Notes on the Poetry selections
Leave a commentJune 29, 2025 by The Citron Review
This spring I spent an extended amount of time home, and I expected this would make everything around me smaller, more drab. Instead, the small details of arranging objects or observing the yard from the same spot each morning became more beautiful than I can explain. Even so, within the field of the spaces we live, there’s a lot of room for introspection – not all of it good. The balancing of this co-existing expansion and collapse is a rich place for noticing the stories that are happening all around us.
Our Summer poems pay great attention to the world of the speaker whether it’s in the yard or home. All of these stories stayed with me past the first reading and each of them brings me back for another read. As Mary Oliver wrote, “Attention is the beginning of devotion.” These poems are devoted to the examined life.
In “Velocities of a Yard,” Ryan Harper opens the morning with: Peerless japonica, hater of lime/its bells were still this morning. From this silence the poem builds to noon with the sound of everything awakening: sparrows in allegro in the branches,/in soft swarm, the host endued.
In “Flecks” by James Miller, we find ourselves in a kitchen with turnip-shaped cookies, Gifts for the cast, your singers. There’s so much happening in this small poem that I hate to tell you more than this. What I can say, Miller uses every word to move us from detail to detail to an unexpected ending that expands the world of the poem from the kitchen to life beyond this moment.

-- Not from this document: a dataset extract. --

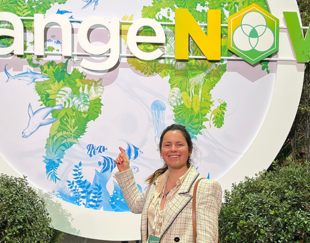 A smiling woman pointing at a sign with the text 'ChangeNOW' and illustrations of nature and marine animals in the background, surrounded by greenery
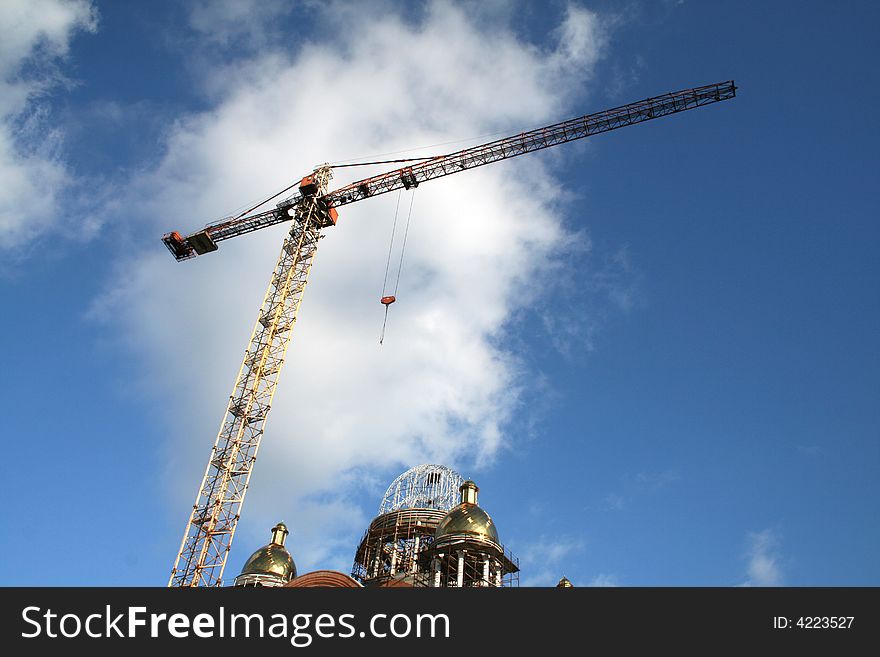 Tall crane and construction in cloudy blue sky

Elizabeth Torres brings us two prose poems, “Beef Tallow” and “The Momfluencer Was an Economics Major, So She Knows the Power of Want.” The first begins: To make up for everything, I save bits of fat and render it. The first time I read that line I let out a heavy sigh. Similarly, the second poem leaves us also acknowledging the power of want: If you hold me here, witness my aloneness in my not-aloneness, what have I outsourced that diminishes me? Are you not going to pay, as I’m going to pay?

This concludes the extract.